#### WHAT TO PRODUCE
Which lines should be repeated? Exactly the one containing "Jude Jewelers Stainless" and every line after it through the end of the entries below.

[EXERCISE INPUTS — start]

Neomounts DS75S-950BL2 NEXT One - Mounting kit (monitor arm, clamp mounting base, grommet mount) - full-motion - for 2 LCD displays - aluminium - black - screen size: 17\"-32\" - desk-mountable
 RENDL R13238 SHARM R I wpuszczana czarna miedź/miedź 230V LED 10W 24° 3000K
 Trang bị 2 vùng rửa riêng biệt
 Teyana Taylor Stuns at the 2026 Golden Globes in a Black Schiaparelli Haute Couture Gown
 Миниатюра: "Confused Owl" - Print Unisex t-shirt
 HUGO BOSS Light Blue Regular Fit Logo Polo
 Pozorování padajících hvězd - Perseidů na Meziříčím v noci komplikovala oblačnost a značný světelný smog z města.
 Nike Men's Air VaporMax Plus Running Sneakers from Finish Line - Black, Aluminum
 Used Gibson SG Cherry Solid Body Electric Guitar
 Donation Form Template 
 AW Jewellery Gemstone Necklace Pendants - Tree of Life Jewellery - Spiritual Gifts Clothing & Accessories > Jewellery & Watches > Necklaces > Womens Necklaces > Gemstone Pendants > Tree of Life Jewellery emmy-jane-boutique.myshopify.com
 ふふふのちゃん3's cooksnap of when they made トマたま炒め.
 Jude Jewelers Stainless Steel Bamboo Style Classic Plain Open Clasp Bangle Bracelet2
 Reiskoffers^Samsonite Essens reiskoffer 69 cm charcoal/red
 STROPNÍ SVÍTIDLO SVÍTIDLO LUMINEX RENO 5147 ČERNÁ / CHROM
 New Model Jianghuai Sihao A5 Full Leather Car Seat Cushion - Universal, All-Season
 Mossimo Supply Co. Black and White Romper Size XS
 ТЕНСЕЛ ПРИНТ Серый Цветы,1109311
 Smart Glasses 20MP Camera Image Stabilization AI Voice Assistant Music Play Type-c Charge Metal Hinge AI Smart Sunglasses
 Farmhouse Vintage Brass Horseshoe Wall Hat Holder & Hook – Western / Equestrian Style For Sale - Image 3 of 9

[EXERCISE INPUTS — finish]

#### ANSWER BOX
 Jude Jewelers Stainless Steel Bamboo Style Classic Plain Open Clasp Bangle Bracelet2
 Reiskoffers^Samsonite Essens reiskoffer 69 cm charcoal/red
 STROPNÍ SVÍTIDLO SVÍTIDLO LUMINEX RENO 5147 ČERNÁ / CHROM
 New Model Jianghuai Sihao A5 Full Leather Car Seat Cushion - Universal, All-Season
 Mossimo Supply Co. Black and White Romper Size XS
 ТЕНСЕЛ ПРИНТ Серый Цветы,1109311
 Smart Glasses 20MP Camera Image Stabilization AI Voice Assistant Music Play Type-c Charge Metal Hinge AI Smart Sunglasses
 Farmhouse Vintage Brass Horseshoe Wall Hat Holder & Hook – Western / Equestrian Style For Sale - Image 3 of 9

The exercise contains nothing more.